I was taking a gander at a National Geographic from February 2000 the other day and their was a typical Nat. Geo. story about Albania the land, the people, the struggles etc… typical Nat. Geo. stuff.
In the course of reading this a peculiar picture caught my eye. It was a small featured older “man” dressed in black. Next to the picture is an explanation that because this “woman’s” family lost it’s last male heir decades ago she has been forced to live (ie dress, act, behave) as a “sworn virgin” man for the last 30 years. This is all based on the dictates of some 500 year old text called the “Kanun of Lek Dukagjin”.
I have copied the picture and text temporarily to the link below if you want to check it out. http://www.ezy.net/~cpeek/ebay/ng3.jpg
I would imagine that this seemingly strange cultural requirement is a “fact” if Nat. Geo. is reporting it and has assumedly fact checked it.
My question is (yes there’s a question) why go through all these gender, role reversal contortions? I can imagine how this might be some women’s dream come true (ie man in body of woman situation) but for most women wouldn’t this be a grotesque and absurd requirement? Are the Albanians really that weird or is there a real cultural/logical imperative as to why this works best for Albanians?
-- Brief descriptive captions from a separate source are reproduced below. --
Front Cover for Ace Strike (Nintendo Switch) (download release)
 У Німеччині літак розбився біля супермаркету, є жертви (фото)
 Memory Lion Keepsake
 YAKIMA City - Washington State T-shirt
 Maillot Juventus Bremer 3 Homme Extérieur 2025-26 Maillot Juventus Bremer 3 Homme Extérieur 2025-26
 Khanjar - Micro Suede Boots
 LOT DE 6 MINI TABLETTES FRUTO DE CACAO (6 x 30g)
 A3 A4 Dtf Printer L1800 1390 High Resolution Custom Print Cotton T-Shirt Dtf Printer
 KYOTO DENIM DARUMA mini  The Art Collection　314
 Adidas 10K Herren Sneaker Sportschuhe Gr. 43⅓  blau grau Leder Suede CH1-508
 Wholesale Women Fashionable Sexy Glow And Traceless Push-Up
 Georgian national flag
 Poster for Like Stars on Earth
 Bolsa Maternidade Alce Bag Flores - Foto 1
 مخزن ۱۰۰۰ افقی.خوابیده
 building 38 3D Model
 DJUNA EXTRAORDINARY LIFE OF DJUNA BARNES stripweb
That’s really wierd. Cross-dressing is one thing, elderly cross-dressing is something else entirely, and elderly cross-dressing that is required by law is in a league of its own. I don’t read National Geographic, but from what I’ve heard northern Albania is in a state of near-anarchy. It’s supposedly controlled by local warlords, much like Somaia.
I found exactly one online literary correlation for this, from a 1909 travelogue called High Albania. It’s vague, but not as bad as the NG article…the author spends a paragraph or two on it, and then basically says, ‘oops, not enough room to go into detail’:
There’s a little bit more in a later chapter as well:
So it seems to be part of an elaborate scheme to keep property in the family when there’s no male heirs. But as to why the cross-dressing came about, my WAG would be to keep outsiders/travellers from getting suspicious about why there’s a woman owning property and running a household in your village…
I read the same thing in a Maxim magazine and it featured the same woman/man so chances are this kind of thing is not terribly common. As far as what works best for the Albanians is anyone’s guess but bearing in mind the popularity of the Cannon of Lek as a tool of self-government it does not surprise me in the least that this kind of thing would occur. Chances are this woman had the desire to “live as a man” before and this was a good excuse to do that openly.
Sorry, I looked for web sites concerning the Cannon and came up empty
It sounds like it is more of an ancient cultural tradition type thing than a requirement, but i can see the idea of the woman taking on the mans role, etc.